This article is an adaptation of a policy paper published in William and Mary Law School's The Comparative Jurist.
They say that all Bangladeshis are separated by a maximum of two degrees of separation. On July 1, this reality was tragically proven true.
Holey Artisan Bakery is the kind of place where expats can cure homesickness by indulging in a range of epicurean delights, while locals (especially kids) can grab themselves a treat-especially before fasting hours begin during Ramadan. It's the type of establishment my cousins loved to frequent; dragging my uncles and aunts until they too became lifelong addicts of French pastries and Italian gelatos. I actually ate an out-of-this-world cake from there at a birthday party when I last visited Bangladesh in 2011.

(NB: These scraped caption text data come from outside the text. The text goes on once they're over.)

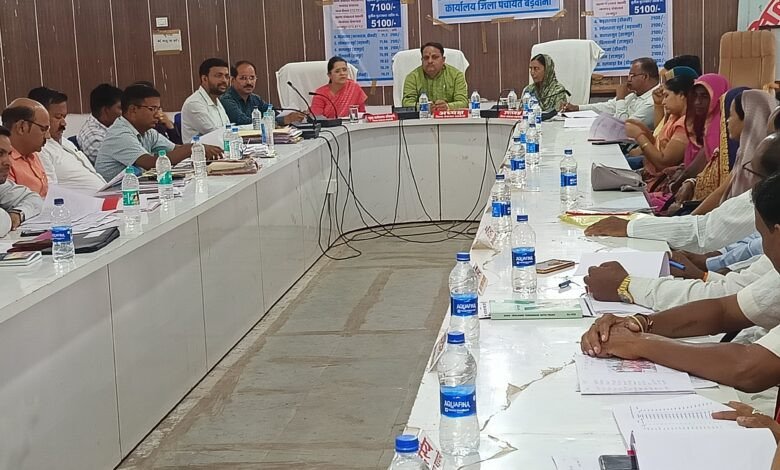 बड़वानी में जिला पंचायत सामान्य सभा आयोजित, कई विभागीय मुद्दों पर चर्चा 1 2 1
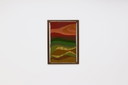 Groot ingelijst Deens Abstract Wol tapijt uit de jaren 60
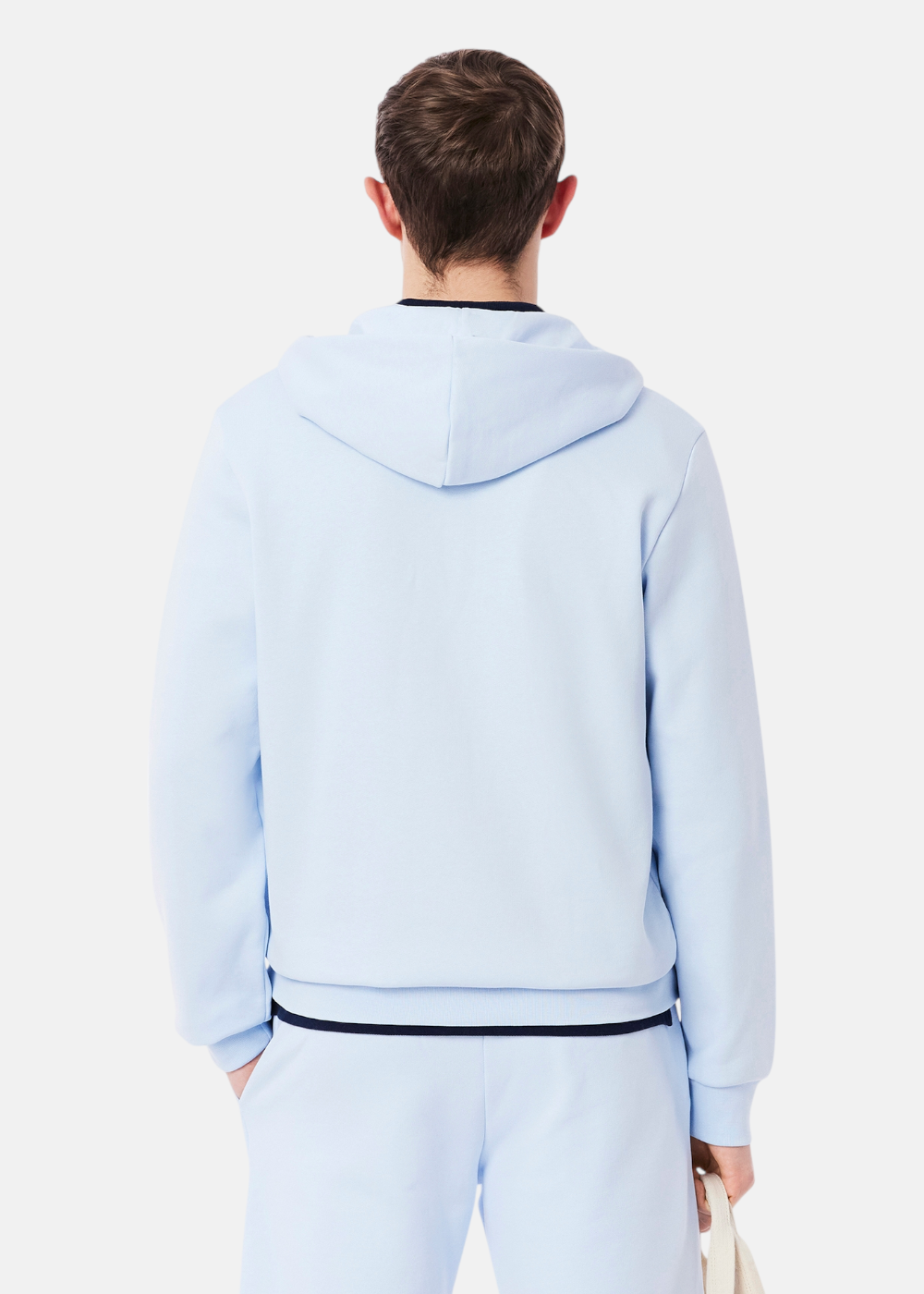 Sweat-shirt zippé à capuche - bleu pâle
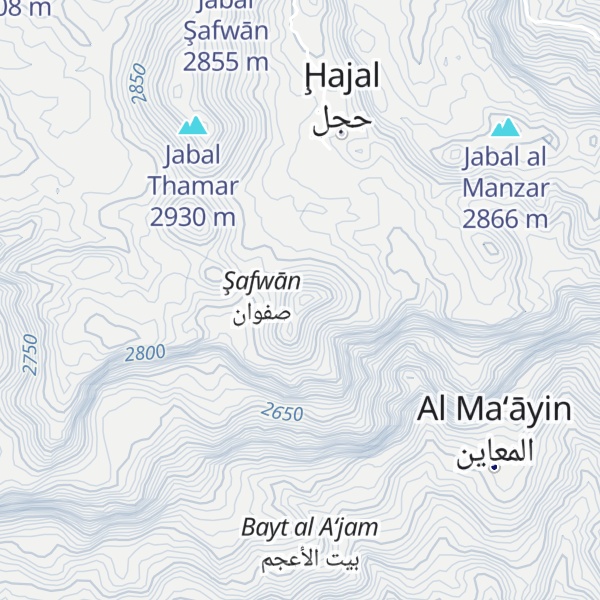 Map of Jabal az Zafarah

On July 1 during the waning days of Ramadan, seven heavily armed terrorists decided it was a suitable venue to rob 24 innocent people of their lives and to shock and terrorize a nation of 170 million in the process. We have family who often visit restaurants in Gulshan for iftar, and we worried intensely about their safety all night-not knowing if our unanswered calls were simply them sleeping soundly or something more heartbreaking. Although they were safe, we learned that three young students studying in the US were murdered in the attack, and that the two Emory students were family friends.
Two degrees of separation indeed.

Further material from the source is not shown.